Ca. Trs. & Estates Quarterly 2020, Volume 26, Issue 3


By Steven M. Goldberg, Esq.* and Lawrence D. Goldberg, PNG**

You are meeting with your client about her deceased father’s estate. After discussing his real property and liquid assets, your client tells you her father was a longtime avid collector of coins and precious metals. She describes the collection as including what sounds like thousands of coins: plastic tubes or paper rolls of them, blue or brown books with page after heavy page of silver dollars, half dollars, and smaller denominations inserted, and heavy canvas bank bags filled with silver or copper coins of various denominations. She tells you the collection includes gold coins of varying sizes either in rolls, small cardboard or plastic sleeves, envelopes, or hard plastic cases some of which might be professionally certified. In addition, she describes gold and silver bars, old bank notes, antique coins, proof sets, mint sets, and other commemorative coins. The estate property might also include scrap gold, jewelry, watches, or stamps.

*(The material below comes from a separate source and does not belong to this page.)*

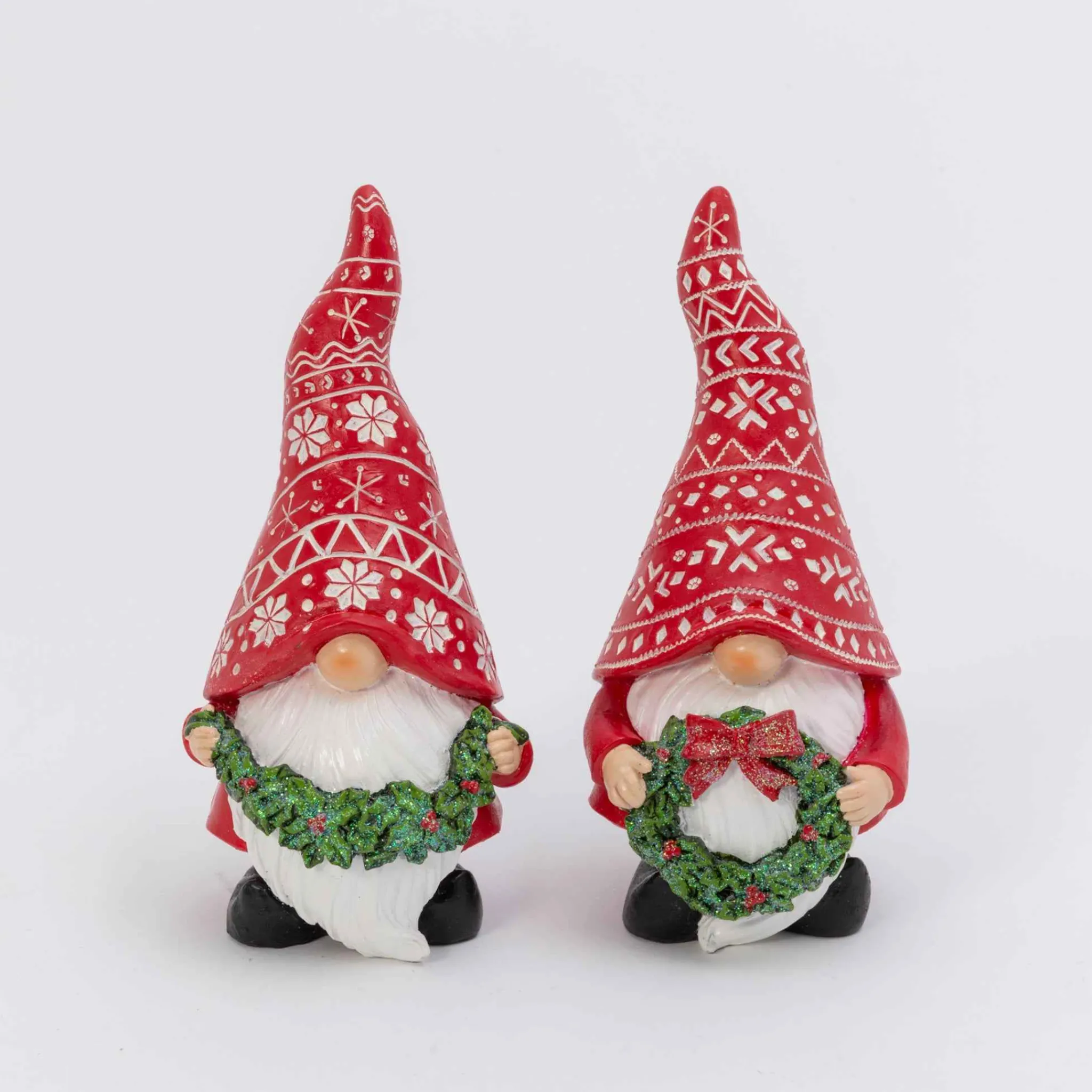 Gerson International Set Of 2 Whimsical Christmas Holiday Gnome Figurines Decor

One of the first tasks will be to determine the ownership of the collection and, therefore, who has the right to sell or make distribution of the coins. Is the collection an asset of a living trust? Even if not specifically mentioned in the trust, the schedule of assets attached to many living trust instruments includes a generic description of tangible personal property, which may be enough to include a coin collection in the trust assets. A broad interpretation of such a description in the schedule of assets may well be an acceptable solution given that coins do not have title documents. More general transfer clauses in the trust instruments or related assignments may be useful as well, if specific attention was not paid to the collection in the planning process.

Absent a trust, a probate may be required. Significant accumulations could easily have a value exceeding $166,250, thereby making Probate Code 13100 inapplicable. Even if the collection has a value under $166,250, it may be enough to cause the aggregate value of probate assets to exceed the statutory limit.